# Catch-and-Release tournament suggestions?



## Sailor612 (Oct 3, 2007)

Hey all,

A little background and a question for those who participate in inshore Catch-and-Release tournaments...

I am helping out with an inshore catch-and-release tournament fundraiser for a group of youth (BSA Venture Crew) that I volunteer with. They have had a difficult problem with logistics of verification of catch in previous years and are trying to look into ways to streamline the process! The way they did it last year was to hand out unique measuring boards at the captains meeting (to ensure that the image is one of the registered fishermen), the fishermen then took a picture of the fish on the board before releasing it. 

The logistical nightmare they ran into was how to download the picture/time stamp when the fishermen brought their camera into the weigh station - the tournament sponsors had to have almost every type of cell phone/camera cord/USB plug available since there are so many different types of phones/cameras on the market these days!

What ways have you seen, or participated in, for catch verification in catch-and-release inshore tournaments? Any suggestions to help us out at the weigh station!??! They are wanting to make sure there is a saved photo that has a time/date stamp associated to prevent any potential disputes.
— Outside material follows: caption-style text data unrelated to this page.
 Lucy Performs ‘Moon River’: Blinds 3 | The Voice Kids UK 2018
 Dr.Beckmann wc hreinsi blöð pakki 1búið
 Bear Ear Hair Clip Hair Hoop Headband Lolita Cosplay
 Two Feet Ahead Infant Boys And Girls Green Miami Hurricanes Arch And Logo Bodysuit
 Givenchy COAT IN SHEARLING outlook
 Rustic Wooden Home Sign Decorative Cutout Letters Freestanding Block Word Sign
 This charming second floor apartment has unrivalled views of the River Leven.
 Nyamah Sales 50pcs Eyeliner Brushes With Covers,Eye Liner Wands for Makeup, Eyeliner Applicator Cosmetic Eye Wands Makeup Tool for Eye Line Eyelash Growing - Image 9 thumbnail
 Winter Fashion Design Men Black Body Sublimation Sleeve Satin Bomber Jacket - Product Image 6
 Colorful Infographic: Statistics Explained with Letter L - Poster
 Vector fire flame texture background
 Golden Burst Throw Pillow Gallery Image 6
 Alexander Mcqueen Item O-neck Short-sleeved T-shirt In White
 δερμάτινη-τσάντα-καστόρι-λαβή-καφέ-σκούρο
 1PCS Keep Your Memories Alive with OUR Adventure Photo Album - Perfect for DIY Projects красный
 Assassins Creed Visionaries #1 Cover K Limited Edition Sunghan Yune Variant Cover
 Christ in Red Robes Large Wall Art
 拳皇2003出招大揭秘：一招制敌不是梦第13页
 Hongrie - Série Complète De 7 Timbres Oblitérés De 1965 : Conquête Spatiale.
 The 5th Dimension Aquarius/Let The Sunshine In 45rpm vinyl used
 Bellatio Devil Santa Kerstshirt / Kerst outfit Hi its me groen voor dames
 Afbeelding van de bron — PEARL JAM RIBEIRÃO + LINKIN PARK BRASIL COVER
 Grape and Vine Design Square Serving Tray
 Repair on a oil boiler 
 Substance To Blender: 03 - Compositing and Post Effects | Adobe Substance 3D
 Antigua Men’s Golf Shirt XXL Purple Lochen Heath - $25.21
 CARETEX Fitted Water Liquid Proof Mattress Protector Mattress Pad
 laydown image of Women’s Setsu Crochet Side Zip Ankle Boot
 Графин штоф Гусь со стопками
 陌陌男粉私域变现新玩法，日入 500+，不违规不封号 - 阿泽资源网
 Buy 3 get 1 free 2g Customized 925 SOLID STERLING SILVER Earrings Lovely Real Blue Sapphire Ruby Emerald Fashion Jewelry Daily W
Thanks ahead of time for any thoughts and/or suggestions!!!


----------



## Liquid Fun (Aug 3, 2009)

Most C&R tournaments require the angler to provide the appropriate cables at the weight station rather than the tournament needing to provide. Having the designator in the picture or video keeps everyone honest on the date. Time could be by timestamp of camera or capturing it on your chart plotter in the video also.


----------